### To do
Copy out the data exactly, leaving the pictures behind.

### Provided material

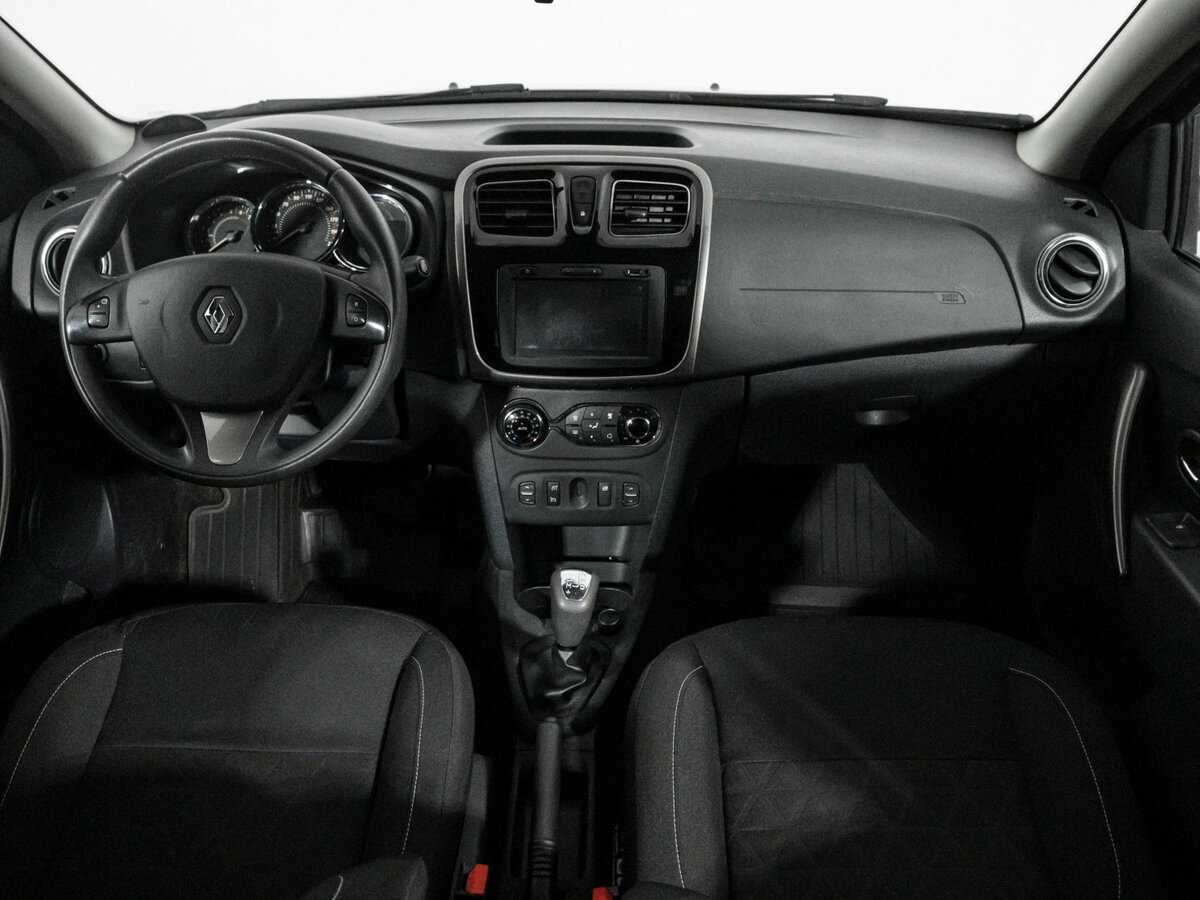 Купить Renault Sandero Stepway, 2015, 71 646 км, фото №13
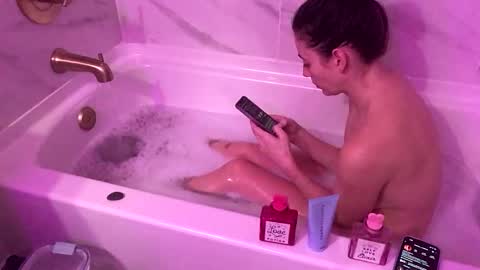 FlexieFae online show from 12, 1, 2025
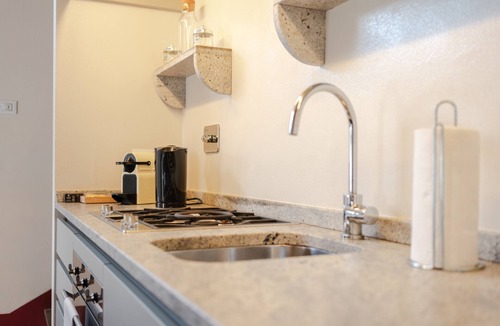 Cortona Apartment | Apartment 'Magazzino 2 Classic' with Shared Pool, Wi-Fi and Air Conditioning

### Result of the task
 Купить Renault Sandero Stepway, 2015, 71 646 км, фото №13
 FlexieFae online show from 12, 1, 2025
 Cortona Apartment | Apartment 'Magazzino 2 Classic' with Shared Pool, Wi-Fi and Air Conditioning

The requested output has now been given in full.